Экзистенциальная традиция в русской литературе XX века. Диалоги на границах столетий (Заманская) - страница 165

«Холодная осень» и «Чистый понедельник» принадлежат к тем редким образцам художественного совершенства, которые даже на фоне «Темных аллей» нельзя не отметить. Не последняя причина – та «неэкзистенциальная экзистенциальность» стиля Бунина, которая позволяет ему при сохранении рамок и форм реалистического правдоподобия проникнуть в явления «на глубину сокровенной части айсберга». Волшебство «Холодной осени» – это прежде всего волшебство работы писателя с временем, без видимого насилия над ним (Сартр: «калечить время»), но с неимоверной глубиной философского постижения его.

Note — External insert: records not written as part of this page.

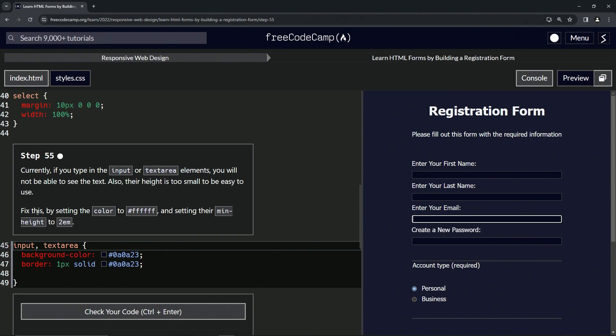To fix this, we're going to set the color to 6 F's and we're going to set the min-height to 2em.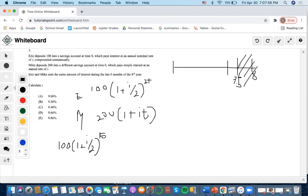What about this extra piece here? It's not the full annual nominal rate of I anymore — it's only pertaining to half a year occurring in this shaded time interval. That is why, on top of the compounding that's already occurred, to compensate for this time interval in Eric's case, we're going to multiply by I over 2.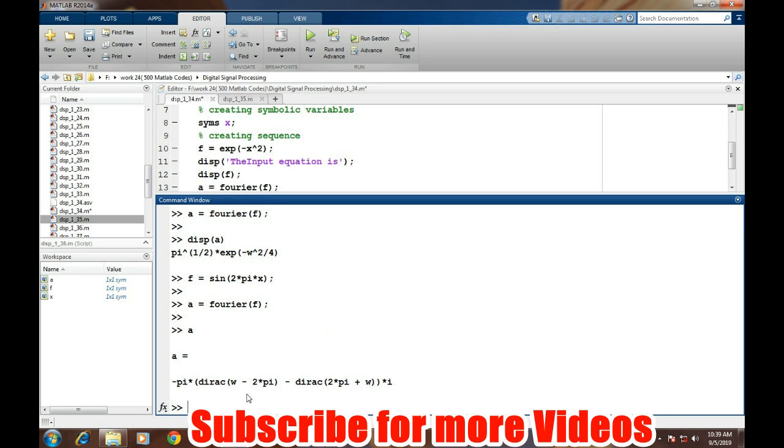It is pi times the Dirac delta function of omega minus 2pi, minus the Dirac delta function of omega plus 2pi. We get two spikes at two frequencies, omega and minus omega, from this sinusoidal wave.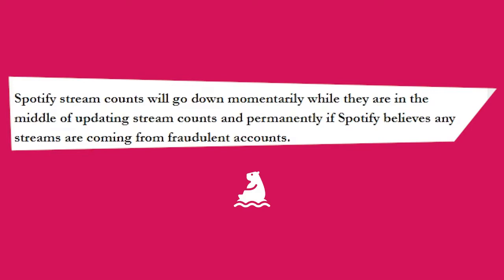Spotify stream counts will go down momentarily while they are in the middle of updating stream counts and permanently if Spotify believes any streams are coming from fraudulent accounts.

Уже в рассказе «Генрих» Бунин применял прием уравновешения частей произведения состоянием времени. В «Холодной осени» этот прием воплощается во всех своих потенциальных возможностях. В экспозиции рассказа пересекаются частная жизнь и поток истории. Экспозиция запечатлевает параллельное течение этих двух непересекающихся линий. «Он гостил», «считался у нас своим человеком», «отец вышел из кабинета… еще сидели за чайным столом». Это частная жизнь частных людей, которым так мало дела до того, что случается «там». Но Бунин уже в первом абзаце экспозиции подчеркнуто перемежает планы. В имении, куда только «утром шестнадцатого привезли газеты» – все обычно, а «там» уже целые сутки шла война, значит, и «здесь» она тоже уже сутки шла, несмотря на то, здесь гостили, пили чай, и он объявлен был женихом. Еще не случилось ничего. Но, «пятнадцатое июля – убили в Сараеве Фердинанда» (только по имени, почти по-домашнему), и – «девятнадцатого июля Германия объявила России войну». И сразу все изменилось. Все обречены, поток истории опрокинул частную жизнь. Так словом Бунин выходит на принципиально новые грани своей временной концепции. Поток времени на наших глазах превращается в поток истории. Человек еще живет обычной жизнью, но это уже другая жизнь, сейчас, через миг она ворвется судьбой и убьет человека, ранит душу, перечеркнет жизнь.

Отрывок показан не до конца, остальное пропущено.